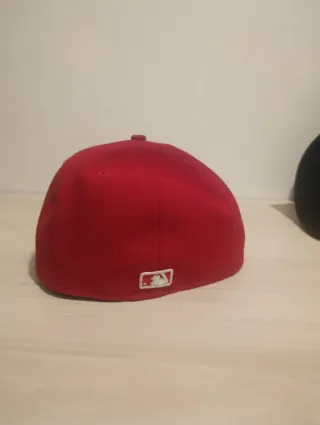 Gorra New Era NY Roja Cerrada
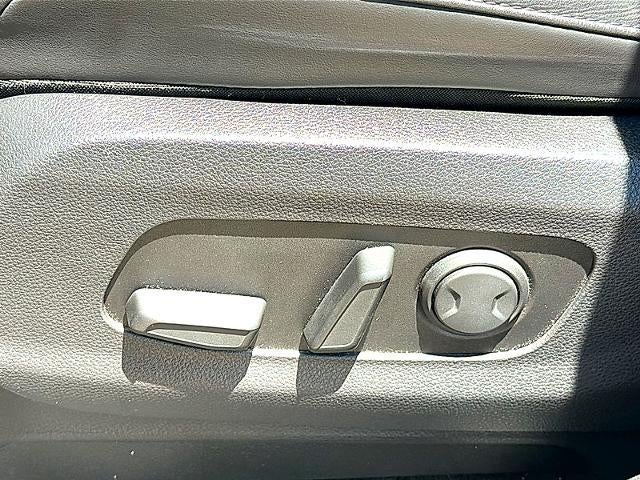 2024 Kia Carnival LX FWD w/Seat Pkg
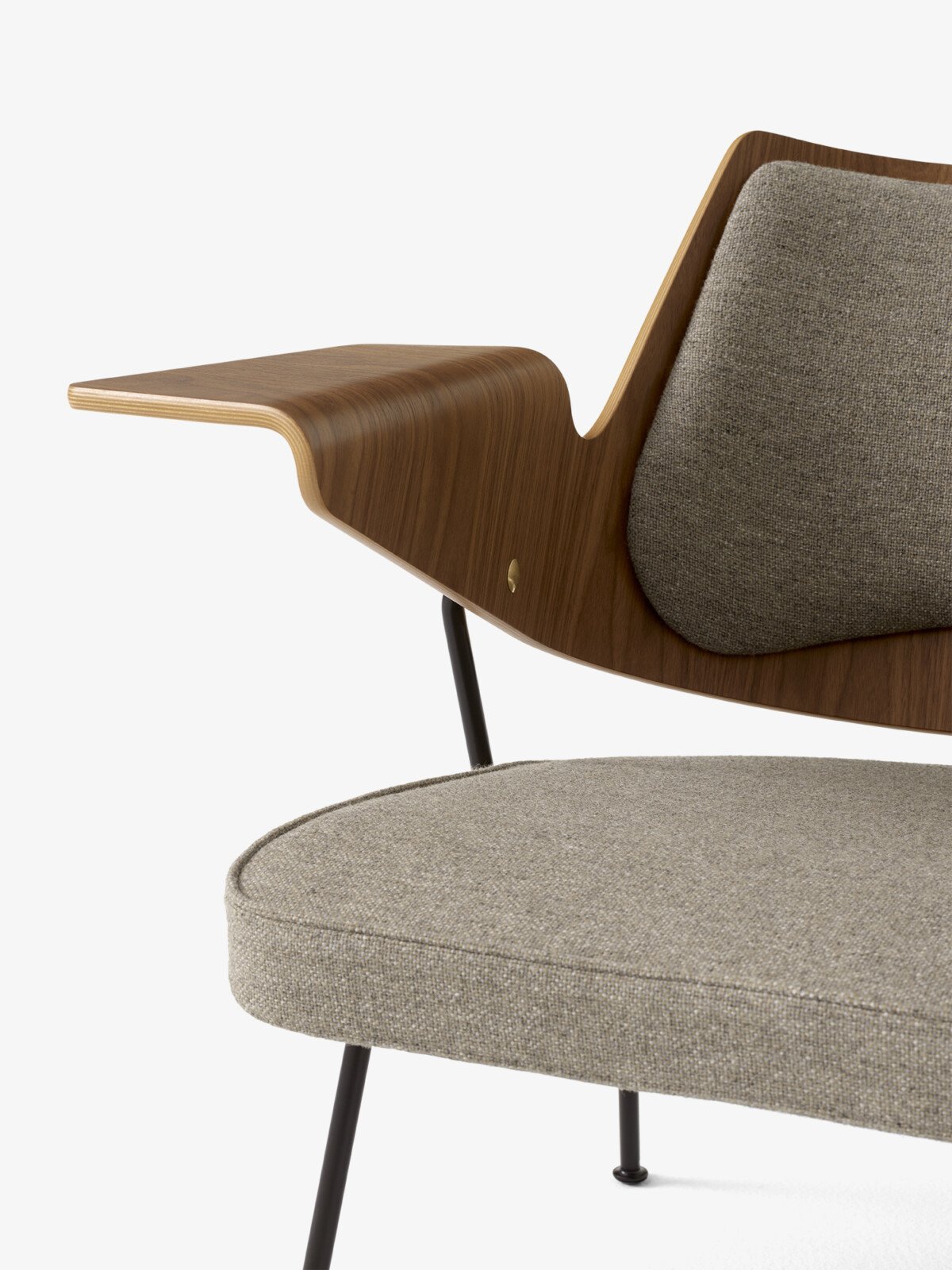 RFH-Lounge-Chair-RD8_Black-w.-Walnut-and-Beech-and-Hallingdal-227_detaile-1200x1600-1.jpg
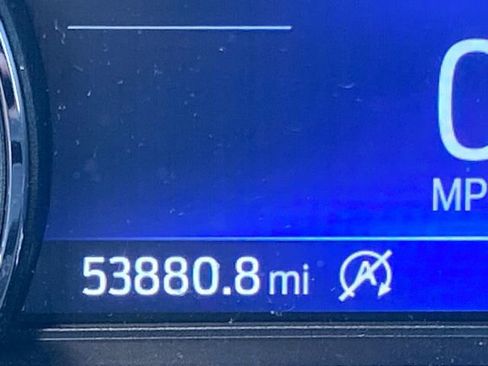 Used 2020 Ford Explorer XLT w/ Equipment Group 202A image 24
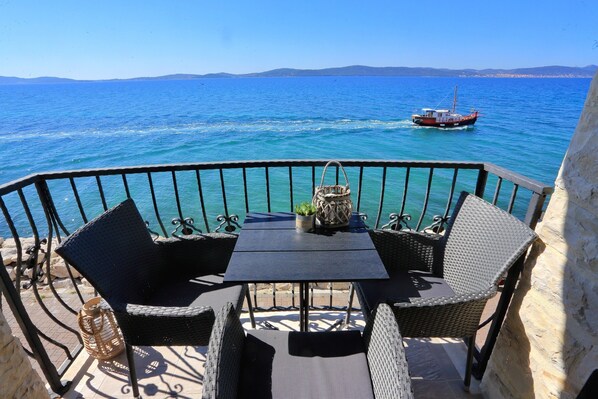 Appartement, 1 chambre, vue sur la mer (Two Balconies) | Terrasse/patio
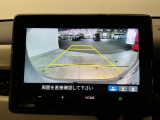 バックギアに入れますとご覧のような画像に自動的に切り替わります。車庫入れ時に役立ちます。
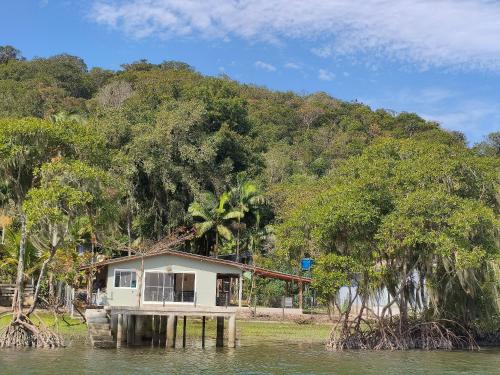 Sonho do Mar - Ilha do Teixeira in Antonina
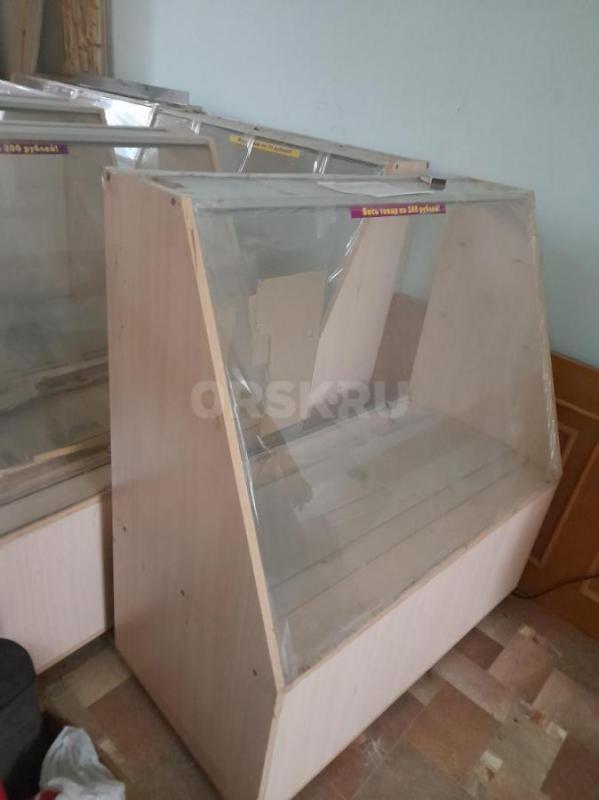 Продам б/у витрины (торговый прилавок), ширина 1,2м и 0,9м, 10 штук, цена 3000 руб. - Орск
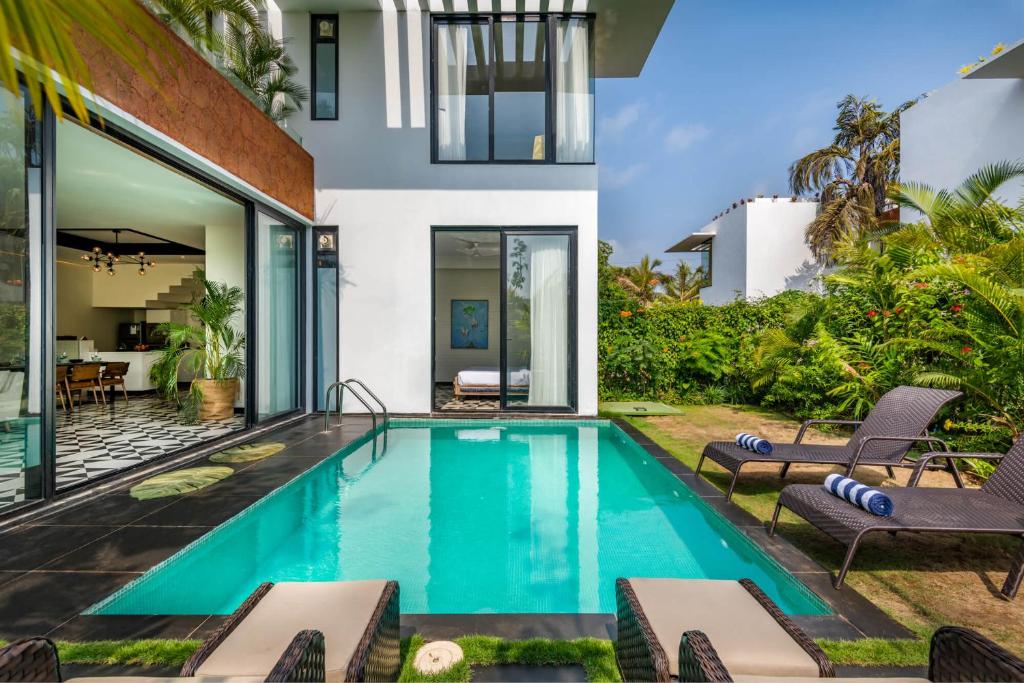 una imagen de una piscina en una casa en La Viola Estate, en Anjuna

==============================

> _WHAT IS REQUIRED_
Although the entries contain pictures, reproduce only the rest, exactly as written.

> _EXERCISE RESULT_
 Gorra New Era NY Roja Cerrada
 2024 Kia Carnival LX FWD w/Seat Pkg
 RFH-Lounge-Chair-RD8_Black-w.-Walnut-and-Beech-and-Hallingdal-227_detaile-1200x1600-1.jpg
 Used 2020 Ford Explorer XLT w/ Equipment Group 202A image 24
 Appartement, 1 chambre, vue sur la mer (Two Balconies) | Terrasse/patio
 バックギアに入れますとご覧のような画像に自動的に切り替わります。車庫入れ時に役立ちます。
 Sonho do Mar - Ilha do Teixeira in Antonina
 Продам б/у витрины (торговый прилавок), ширина 1,2м и 0,9м, 10 штук, цена 3000 руб. - Орск
 una imagen de una piscina en una casa en La Viola Estate, en Anjuna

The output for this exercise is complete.